It is therefore the object of the present invention to improve connection with the contact sheet.

The present invention relates to a device for exchanging heat, in particular for motor vehicles, having at least one first component connected to an electrical power supply, and whose temperature varies dependent on current flowing through the component, and at least one second component comprising at least one first and at least one second part element each of which are at least indirectly conductively connected to the first component, wherein at least one part element comprises a first link plate in particular at one end.

In addition at least one electrical contact means is provided which is conductively connected to the link plate of the at least one part element by means of a first connecting means and serves to connect an electrical power supply, wherein the contact means comprises at least one second connecting means having receiving means for a second link plate.

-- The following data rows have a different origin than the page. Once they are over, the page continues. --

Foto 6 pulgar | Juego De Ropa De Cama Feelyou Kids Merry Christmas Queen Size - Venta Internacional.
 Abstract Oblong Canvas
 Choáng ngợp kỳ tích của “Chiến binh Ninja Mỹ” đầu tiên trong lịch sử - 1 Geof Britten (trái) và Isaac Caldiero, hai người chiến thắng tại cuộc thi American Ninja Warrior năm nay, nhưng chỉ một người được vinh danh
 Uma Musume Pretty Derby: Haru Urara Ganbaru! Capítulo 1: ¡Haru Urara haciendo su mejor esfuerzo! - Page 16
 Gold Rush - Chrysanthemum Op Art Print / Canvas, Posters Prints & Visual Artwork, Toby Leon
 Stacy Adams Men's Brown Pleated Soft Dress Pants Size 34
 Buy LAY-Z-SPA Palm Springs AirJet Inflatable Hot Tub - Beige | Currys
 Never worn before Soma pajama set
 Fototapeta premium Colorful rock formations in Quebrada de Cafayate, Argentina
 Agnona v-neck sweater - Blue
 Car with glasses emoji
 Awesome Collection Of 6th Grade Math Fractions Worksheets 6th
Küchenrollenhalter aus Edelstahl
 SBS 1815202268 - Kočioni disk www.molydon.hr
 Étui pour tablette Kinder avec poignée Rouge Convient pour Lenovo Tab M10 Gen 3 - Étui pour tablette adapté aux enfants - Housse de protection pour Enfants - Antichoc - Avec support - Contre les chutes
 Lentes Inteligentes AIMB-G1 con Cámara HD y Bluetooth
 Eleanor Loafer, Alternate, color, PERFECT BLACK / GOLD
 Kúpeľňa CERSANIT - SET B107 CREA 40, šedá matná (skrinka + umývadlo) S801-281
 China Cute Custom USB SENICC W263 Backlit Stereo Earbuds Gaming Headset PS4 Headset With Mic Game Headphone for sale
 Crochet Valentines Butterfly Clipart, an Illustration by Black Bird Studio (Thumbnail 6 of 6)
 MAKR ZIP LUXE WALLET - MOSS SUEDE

According to the invention, both of the connecting means comprise at least one flat portion and the first and the second connecting means interlock so as to result in a force-closed connection between the first and the second connecting means by means of at least one clamping means and electrical contact is established at least between a primary surface of the flat portion of said first connecting means and a primary surface of the flat portion of said second connecting means.

Connecting means within the scope of the present invention is understood to mean every means which, by interacting with another connecting means, effects a substantially force-closed connection between the two connecting means. Connecting means may for example include a clamp securing a pin or a plate. Connecting means in the sense of the present invention is also understood to include at least partially meshing or interlocking means.

Electrical contact means is understood to include means designed to establish contact with an electrical power supply.

A flat portion is understood to include a portion forming a surface of specified length and specified width. Such flat portion may be for example the surface of a plate-like component.

In another preferred embodiment at least the receiving means comprises at least one clamping element which results in a form-fitting and/or force-closed connection with at least one link plate.

Clamping element is understood to mean such elements which are biased and comprise at least two portions capable of exercising clamping force on another element.

It is preferred that at least one clamping element urges the flat portions at least of the receiving means and the second link plate against one another and in another preferred embodiment comprises at least one curved portion.

It is particularly preferred that at least the contact means comprises at least two clamping elements.

In another preferred embodiment at least the second link plate is substantially, at least sectionally, surrounded by the receiving means. Substantially surrounded is understood to mean that the surrounding connecting means does not have to continuously surround the surrounded connecting means but it surrounds a specified peripheral portion of the surrounded connecting means which portion is larger than 50%, preferably larger than 60% and particularly preferred larger than 70%.

In another preferred embodiment the first and the second connecting means are pressure-joined with each other such that preferably a form-fitting and/or force-closed connection between the connecting means is established.

In another preferred embodiment at least the contact means consists at least partially of a material selected from a group of materials including copper, brass, in particular but not exclusively tin-plated brass, aluminum, iron and the like.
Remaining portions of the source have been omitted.